RECORD EXTRACTS:
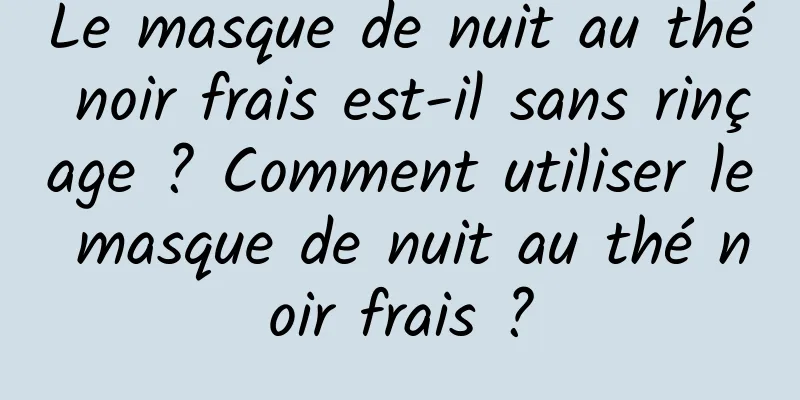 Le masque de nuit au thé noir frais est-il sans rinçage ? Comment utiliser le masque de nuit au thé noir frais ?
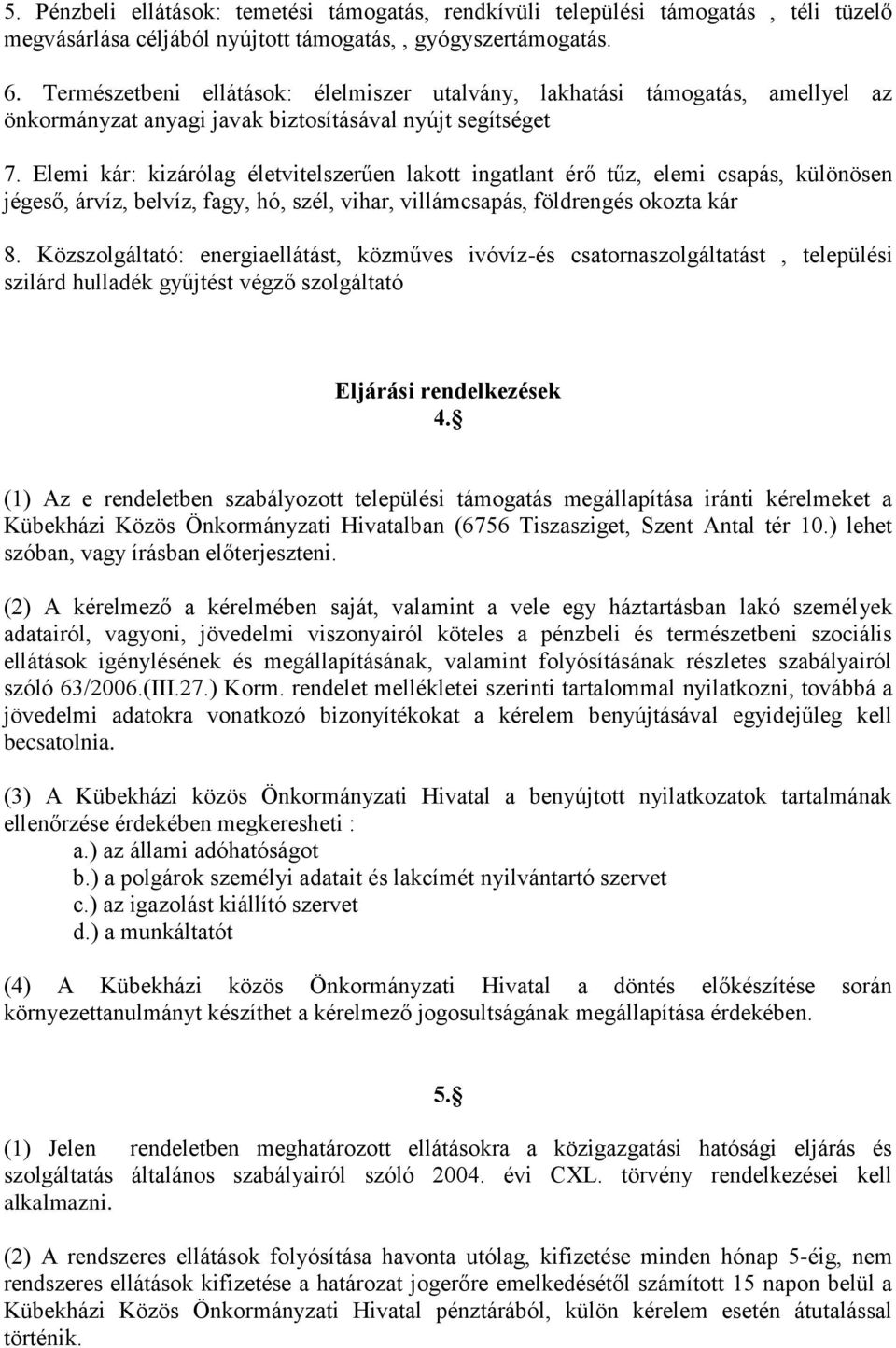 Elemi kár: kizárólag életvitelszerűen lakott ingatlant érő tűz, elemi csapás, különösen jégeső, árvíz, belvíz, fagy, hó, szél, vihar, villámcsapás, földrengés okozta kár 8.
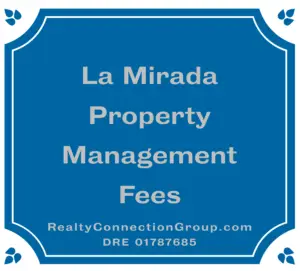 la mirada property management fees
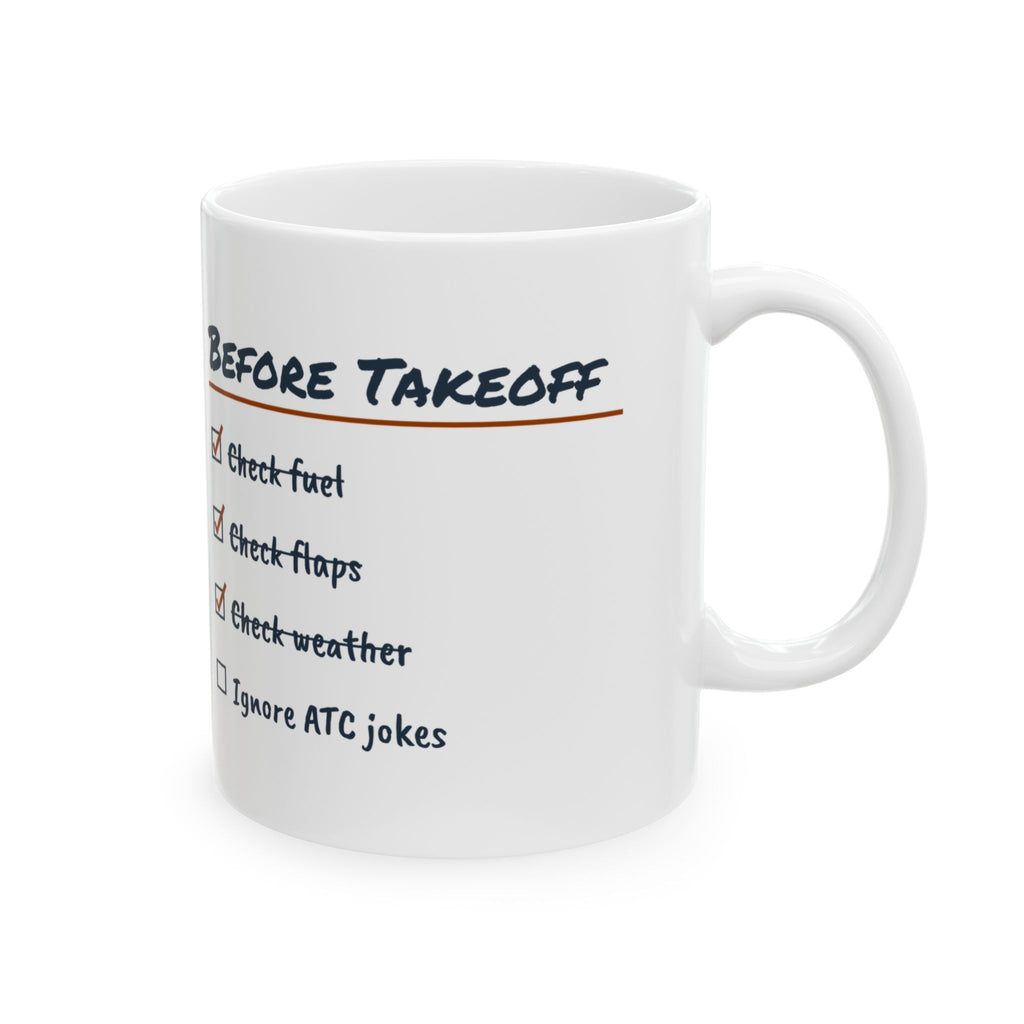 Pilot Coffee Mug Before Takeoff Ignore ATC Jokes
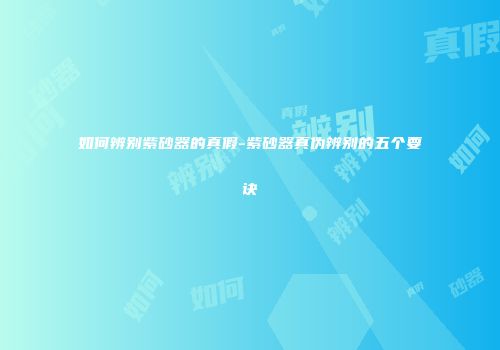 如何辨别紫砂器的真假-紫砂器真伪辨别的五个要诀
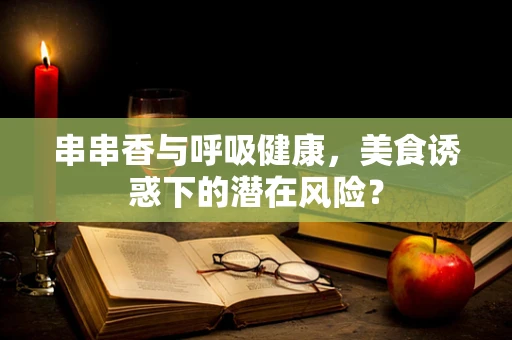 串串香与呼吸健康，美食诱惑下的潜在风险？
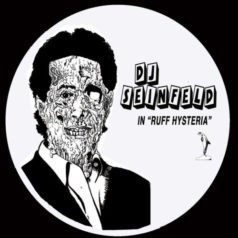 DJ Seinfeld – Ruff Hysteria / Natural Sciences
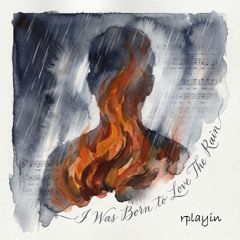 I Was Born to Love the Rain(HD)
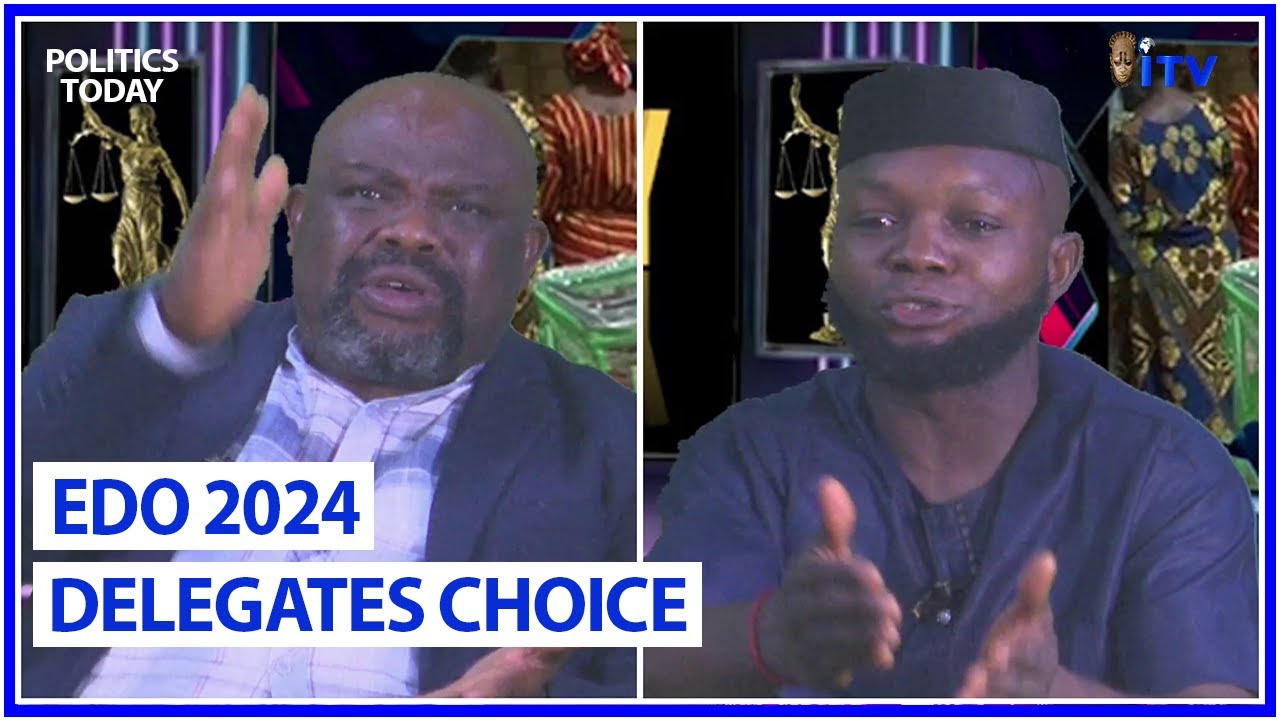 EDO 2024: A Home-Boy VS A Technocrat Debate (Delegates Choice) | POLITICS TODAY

TASK REQUIREMENTS: All lines from the first in the listing above to the line containing "I Was Born to Love the Rain(HD)", inclusive, go in the output exactly as they are; no pictures go in.

THE COMPLETED TASK:
 Le masque de nuit au thé noir frais est-il sans rinçage ? Comment utiliser le masque de nuit au thé noir frais ?
 Elemi kár: kizárólag életvitelszerűen lakott ingatlant érő tűz, elemi csapás, különösen jégeső, árvíz, belvíz, fagy, hó, szél, vihar, villámcsapás, földrengés okozta kár 8.
 la mirada property management fees
 Pilot Coffee Mug Before Takeoff Ignore ATC Jokes
 如何辨别紫砂器的真假-紫砂器真伪辨别的五个要诀
 串串香与呼吸健康，美食诱惑下的潜在风险？
 DJ Seinfeld – Ruff Hysteria / Natural Sciences
 I Was Born to Love the Rain(HD)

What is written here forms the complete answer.